Still, that doesn’t mean you have to do everything yourself. And I’m not talking about the obvious stuff, like having a web guru deal with website issues, because you don’t need me to tell you that you can hire someone to put together your website for you.
I mean things like . . . having other people do their fair share of the work. I admit that this is a hard one for me, because I’m a control freak, so all anyone has to do is look at me with a somewhat helpless expression and say, “I’m not sure I know how to do this,” and I’m all, “FINE. I’ll do it.”
But no more, my friends. I have learned to say brightly, “Then you’ll get a chance to find out, which I know will be very helpful for you down the road.” Then I smile like mad, and go about my business.
How does this work in specifics? I get e-mails every week from writers who want to know how to break into the business. There is more information available to aspiring writers now than there has ever been, and yet instead of heading to the library or the bookstore or to one of any of four million websites or five trillion blogs (including this one), they e-mail me directly for advice.
“How to get published” is not something I can answer in an e-mail. I don’t even try anymore. Now I say, “Read a few books on the subject and let me know if you have a specific question about the way I do something.”
99% of the people wander away, because time spent reading a book is apparently more time than they’re willing to invest in themselves. They don’t mind me doing all the work, but they don’t want to do it themselves.
When that 1% does return, I am more inclined to help because they’ve shown they’re serious, and I will spend time helping serious people reach their dreams. In fact, I am committed to it.
I also do this in my personal life. My daughter is not a finicky eater but she likes to know what’s for dinner today, tomorrow, and next week. I’m the kind of person who figures out what’s for dinner by looking in the cupboards when my stomach starts to growl. This is not that satisfactory of an approach, because the cupboards can get pretty bare pretty fast, leaving me with a few things that do not go well together: graham crackers, eggs, and ketchup, for example.
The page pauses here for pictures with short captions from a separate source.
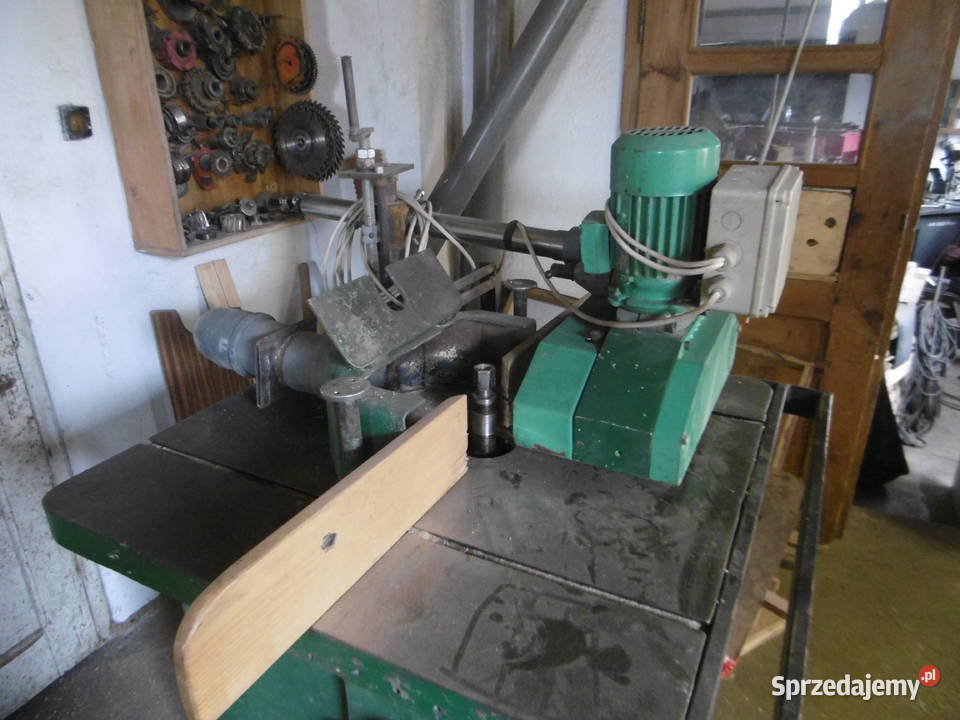 posuw frezarski 3 rolkowy Pozostałe Brzezie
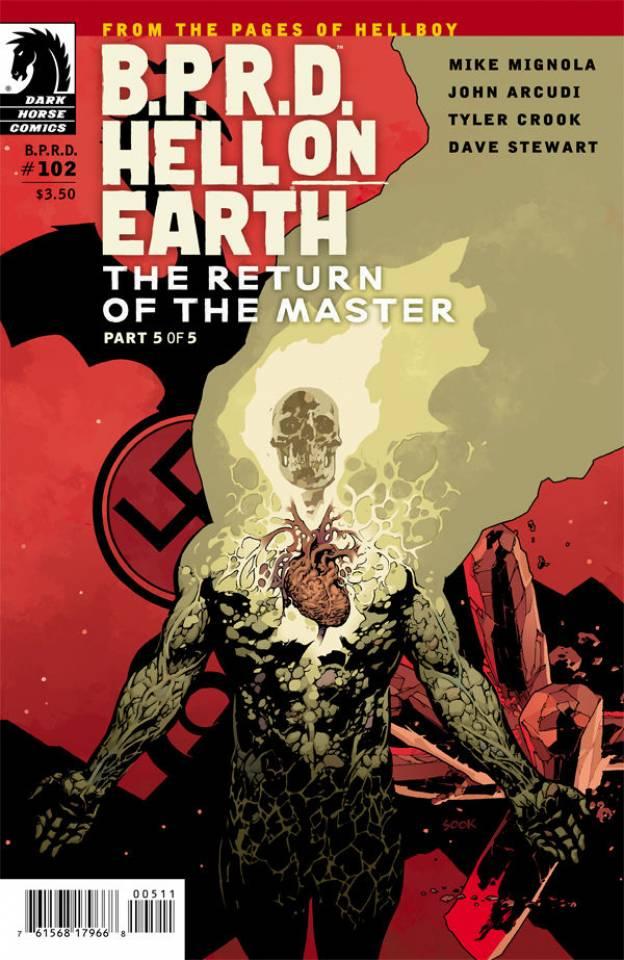 B.P.R.D.: Hell on Earth - The Return of the Master #102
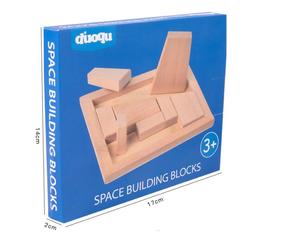 Çocuk mantıksal düşünme biliş eğlenceli uzay plastik ahşap blok ekleme beyin fırtınası oyuncaklar yapı taşları yaratıcı oyun - Product Image 6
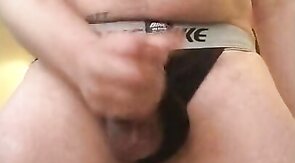 Kneeling for Daddy's Big Cock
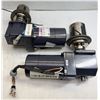 Image 3 : (2) SPG Co. Brake Motors #SG9I40GTH-EA w/ Gear Heads #SC9HB15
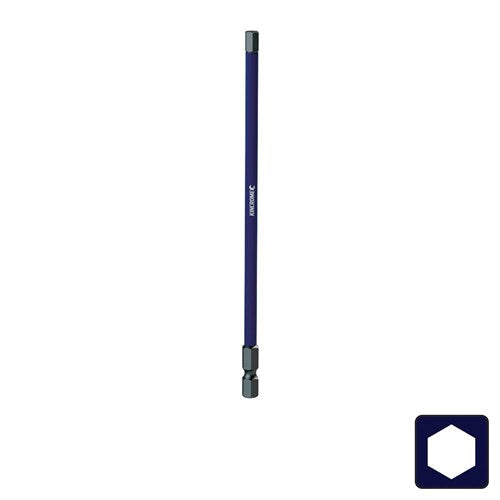 Kincrome K21318 Hex 2.5mm Impact Bit 150mm 1 Piece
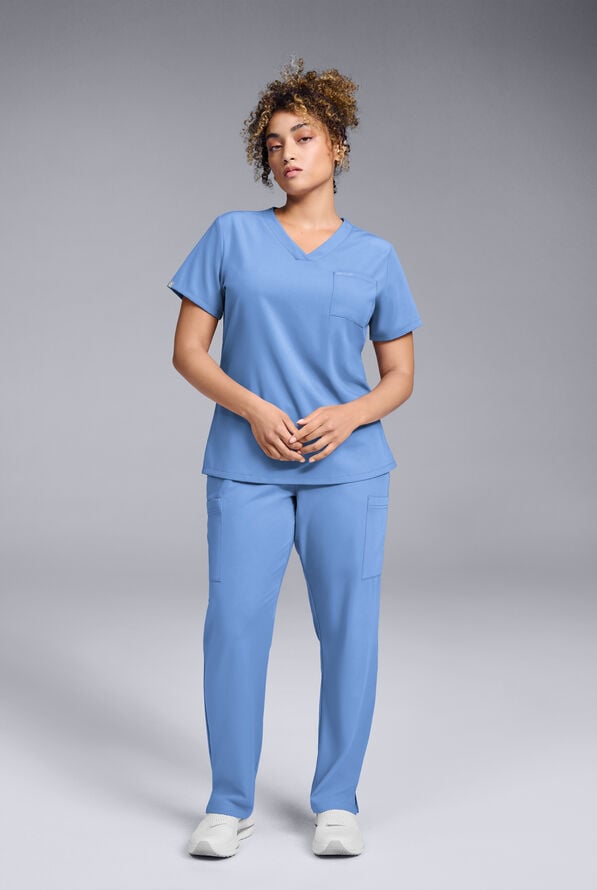 BASE SHIRT - Ceil Blue - 2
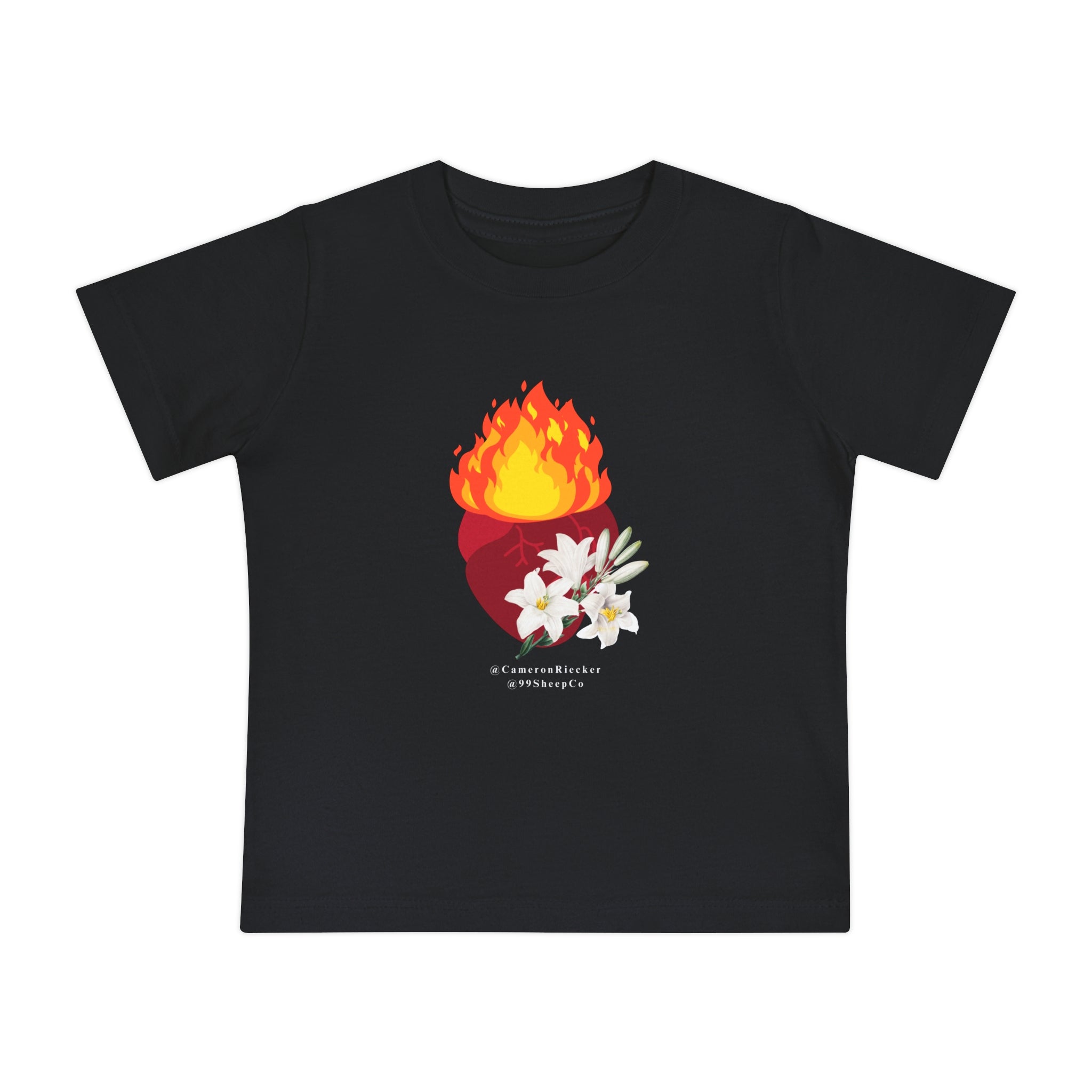 St. Joseph - Most Chaste Heart - Premium Unisex Baby T-Shirt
Thus I recently put Jessica in charge of menu planning. Once a week, she figures out what she wants for meals, lists the ingredients we’ll need, writes one list for the stuff the Schwan’s guy delivers and another list for me to pick up at the grocery store and ta-da. Done. I spend about twelve minutes a week handling my share of this chore. To Jessica it’s not a chore at all, but an activity that she loves to do, leafing through cookbooks and the Schwan’s catalog, putting together all the information she has learned in health class on good nutrition . . . stuff that makes me want to weep. We’re both happy.
What is your favorite way of outsourcing the work in your life?